June 19, 2008
Prices Put Fat Balances on a Diet
By Eryl JONES
IF THIS column had a volume control, then my next statement should definitely be uttered pianissimo. Things are selling rather well, aren't they?
Farm gate prices for milk, meat and cereals are all showing a healthy increase on last year, on top of which the delicate rain/ sun balance has so far been just about perfect.
But before everyone starts thumbing through swimming pool brochures or loitering with intent around executive motorcar forecourts, not everything is rosy in the farming garden.
Fatter bank balances are quickly sent on a crash diet by colossal bills for feed, fertiliser and - the bane of everyone's life - fuel.
My last domestic oil bill was so astronomical that World War II- style rationing was immediately implemented.
The central heating has long since been turned off, woe betide anyone who spends more than two minutes in the shower and at least two people have to use the same bath water (for some reason, there seems to be a marked reluctance to climb in after me).
But the question is, can my draconian saving measures be put into practice on an industrial scale?
As an example, let's take two silage cuts instead of four. You don't need to be Carol Vorderman to calculate that your silage fuel costs will be halved.
However, this has to be tempered against the loss of quality of the material and subsequent effect on milk yield. Does the greater return on the milk yield from four cuts cover the cost of the extra fuel? I strongly suspect we've reached the point where it doesn't.
A long hard look needs to be taken at maize.
Already an expensive crop to grow, the hike in fuel prices has made it even more so. Though it raises milk solids - and thus the size of your milk cheque - is the premium enough to make maize viable?
Coupled with the fact that, in North Wales at any rate, fields lie redundant for six months of the year, I envisage a lot of maize being replaced by permanent pasture.
Farmers who take summer grazing 40, 50 miles and even further from home are now feeling the pinch.
This has always puzzled me. If you keep animals an hour or so from your farm, you are not going to see them every day. To me, that is rule number one of good stock husbandry.
My opinion aside, is the cost of the grazing, the fuel and the time spent sat in the vehicle, covering the return? I imagine there is a point on the road that you pass when the system's viability is called into question.
I'll throw another issue into the mix - the rapidly diminishing Single Farm Payment. Let's imagine that all fixed costs remain the same for the next few years; the shortfall in income would have to be taken up by even higher returns.
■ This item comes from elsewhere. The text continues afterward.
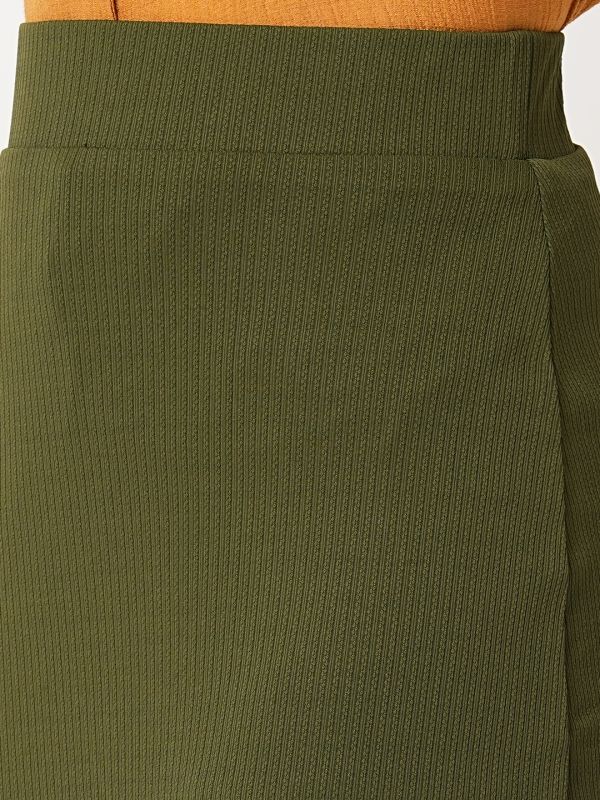 Globus Women Dark Olive High-Rise Stretchable Side Slit Workwear Maxi Pencil Skirt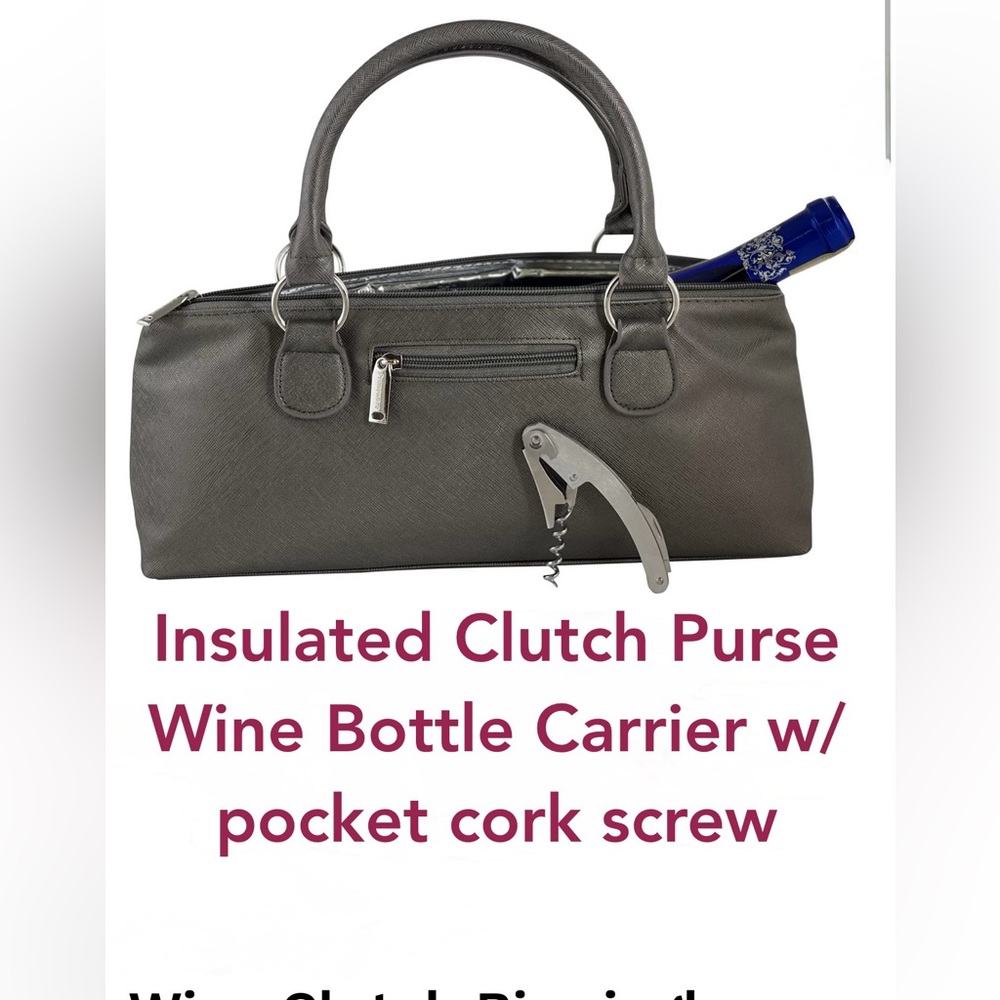 Insulated Wine Bottle Clutch Purse with pocket cork screw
That's about as likely to happen as me being invited to a Buck House garden party.
The truth is, farmers are going to have to add fuel economics to their burgeoning portfolio of multi-tasking.
Beats getting in the bath after me, I suppose.
Sadly this is my final column for Farm & Country. Writing it has made me dozens of new friends, got me invites to countless events and gave me the inspiration to write my book.
Thanks for all your very kind comments and emails; it's been an absolute blast.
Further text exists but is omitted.